▸ What this task involves: Without the pictures, output the lines of the material from the very first through the one that holds "sunset with boat on ocean © satoru".

▸ Records supplied:
============
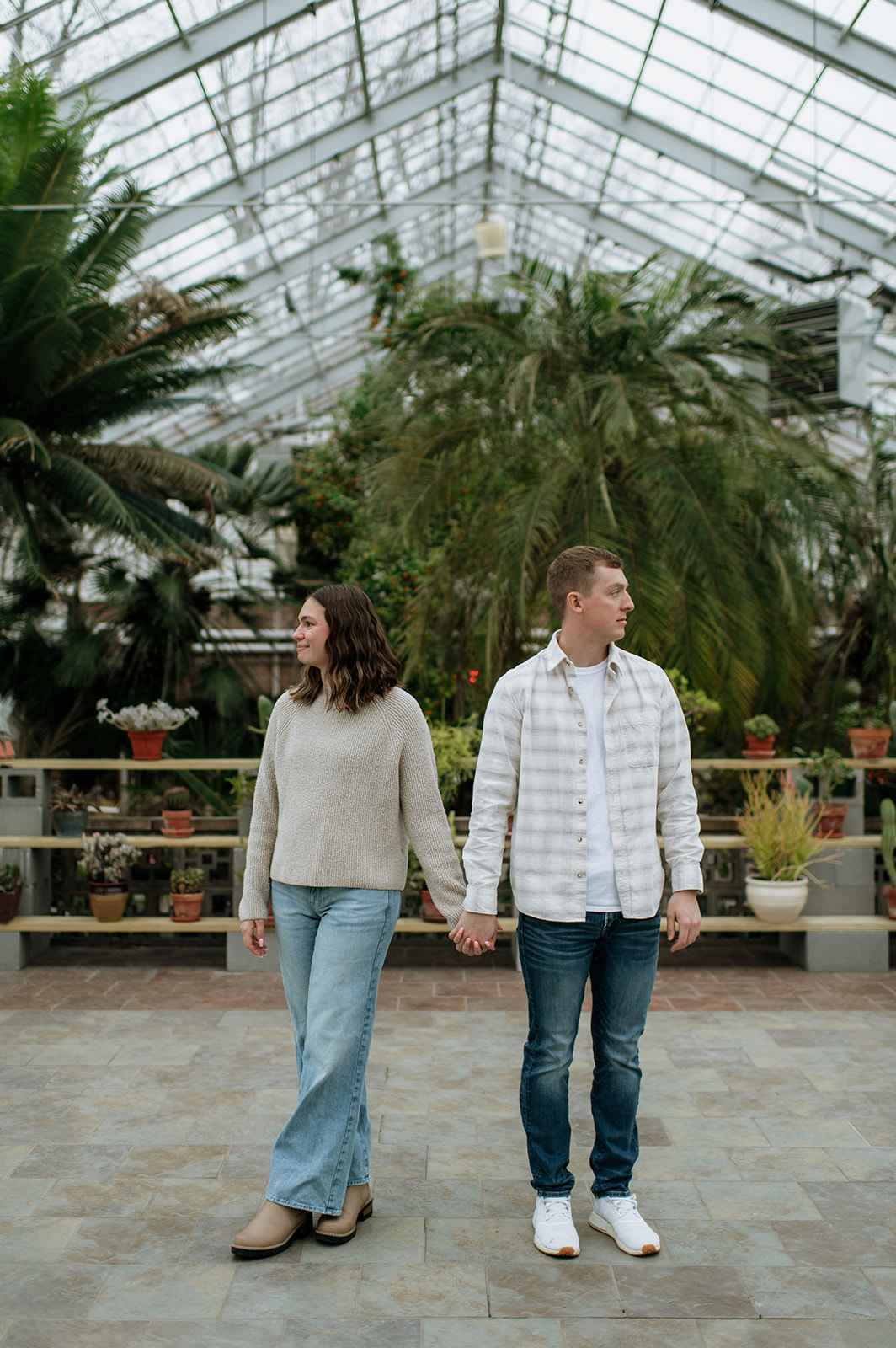 Couple holding hands inside of Potawatomi Conservatories.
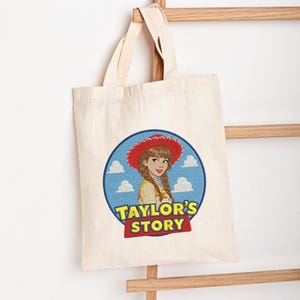 May include: A natural-colored canvas tote bag featuring a circular graphic of a person with braided hair wearing a red cowboy hat. The design includes a blue sky with white clouds and the yellow and red text "TAYLOR'S STORY" at the bottom.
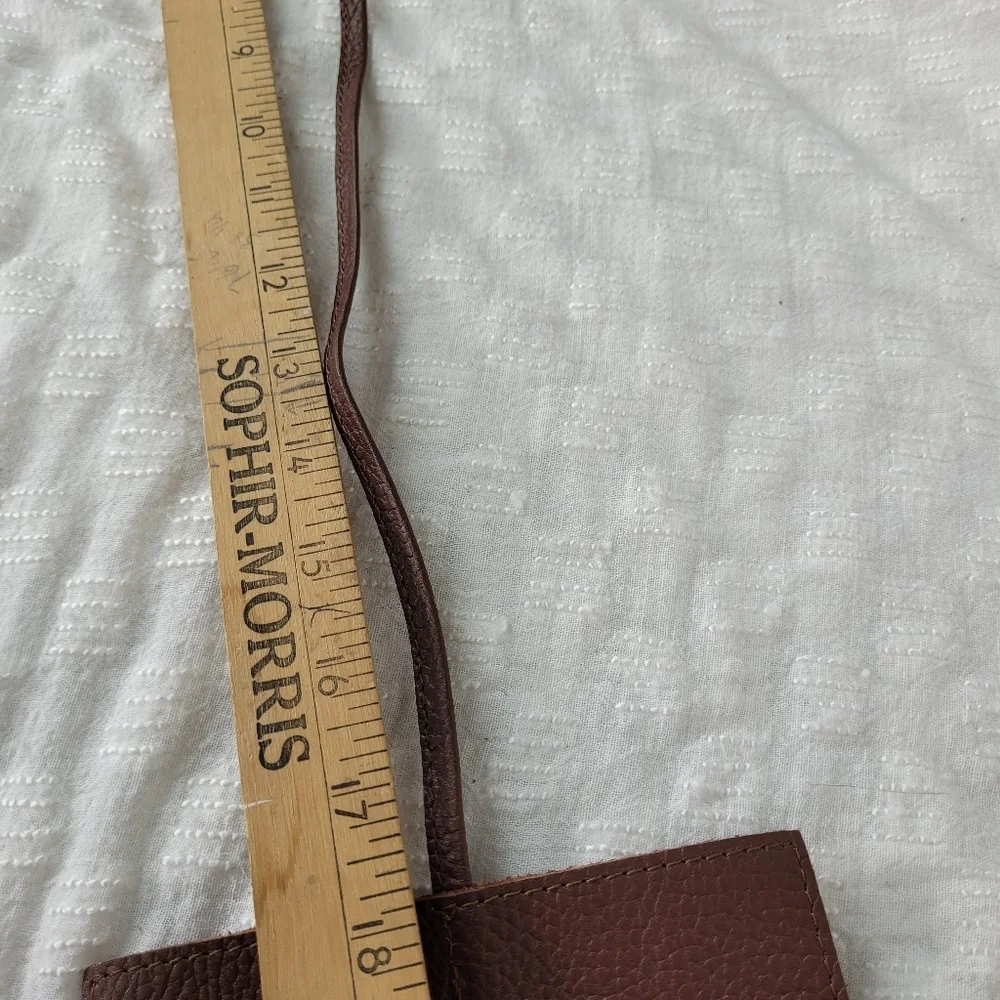 Mark & Graham brown pebbled leather charger rollup pockets tie closure minimal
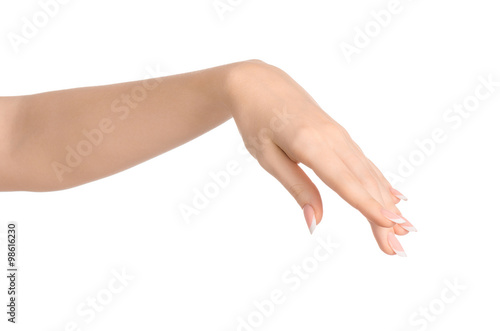 Beauty and Health theme  beautiful elegant female hand show gesture on an isolated white background in studio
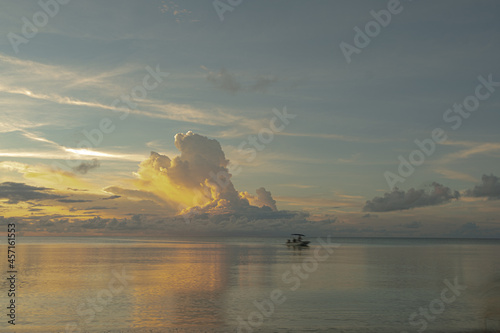 sunset with boat on ocean © satoru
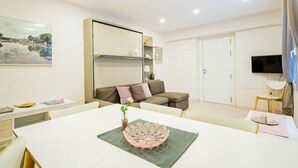 Ein modernes Wohnzimmer mit einem weißen Sofa, einem Esstisch mit dekorativem Mittelstück, einem Flachbildfernseher und einem Bild an der Wand.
============
▸ Response below:
 Couple holding hands inside of Potawatomi Conservatories.
 May include: A natural-colored canvas tote bag featuring a circular graphic of a person with braided hair wearing a red cowboy hat. The design includes a blue sky with white clouds and the yellow and red text "TAYLOR'S STORY" at the bottom.
 Mark & Graham brown pebbled leather charger rollup pockets tie closure minimal
 Beauty and Health theme  beautiful elegant female hand show gesture on an isolated white background in studio
 sunset with boat on ocean © satoru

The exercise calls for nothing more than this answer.